Did he really say that? Is he completely delusional? Does he think the rest of the world is unaware of his government’s record in creating poverty and hunger? Have UN agencies not publicly revealed that his policies have led to dramatic falls in agricultural production and widespread hunger? How can he hope to get away with such deceit?

Then there is the devastation caused by his followers in national parks and conservancies where an estimated 70% of wildlife has been destroyed. Few countries have seen such rapid and extensive loss of habitat and wildlife resources as Zimbabwe has in the past three years.

We can understand his Cuban audience being taken in by Mugabe’s claims in Havana. Cuba locks up journalists and critics of any sort. But it is at least consoling to know that his shocking record of environmental degradation is now a matter of public knowledge.

On drought, Mugabe said the government had embarked on various irrigation projects to lessen farmers’ dependence on rain. Really? Where are those projects? Has anybody seen them? Perhaps Itai Musengeyi who covered Mugabe’s remarks in Havana as if they were the gospel truth would care to show us one of these irrigation projects. Perhaps he could tell us why as a journalist he retailed Mugabe’s outrageous claims when the evidence of degradation is difficult to miss. Or does the Herald employ only vision-impaired reporters?

What we need are more journalists prepared to follow the example of the Namibian editor who, in response to dishonest claims by Sam Nujoma about an event in Namibia’s struggle for independence, told him bluntly that he was telling “a gross lie”. “Nujoma, I don’t fear you,” he said in response to the president’s crude threats against him.

Ever wondered where all those $500 notes went? They are in Bindura, according to the Sunday Mail’s reporter there. At the Bindura preliminaries of the Miss Malaika pageant, guests threw $500 notes onto the stage during the performance of a “young wonder”.

Twelve-year-old Evans Mozeka — a “tiny package of dancing dynamite” — so thrilled the crowd that they rewarded him with their bank notes. Young Evans “wiggled his waist, jerking to and fro in typical Congolese style” which left the audience “in ecstasy”, we are told.

“So appealing were his dances that the crowd pelted him,” the Sunday Mail reported. But it was money they were throwing!

Somebody should tell Miss Zimbabwe to cheer up.

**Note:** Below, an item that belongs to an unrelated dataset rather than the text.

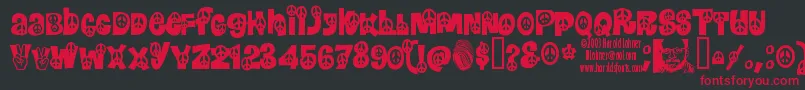 Peace ffy Font – Red Fonts on Black Background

She was photographed by the Sunday Mail looking rather glum at a recent fund-raising event.

“‘When is this gonna end?’ a bored-looking Miss Zimbabwe (Phoebe Monjane) seems to be thinking,” the paper captioned its pic.

But the cause of her boredom was soon evident. She was sitting next to her chaperone, Dame Kiki Divaris who was locked in conversation with Unicef’s Christine Koerner.

Phoebe might have perked up if she’d been allowed a nibble at one of those snacks Dame Kiki collects on occasions such as this. They’re in her handbag Phoebe. We know because they all came tumbling out on one occasion!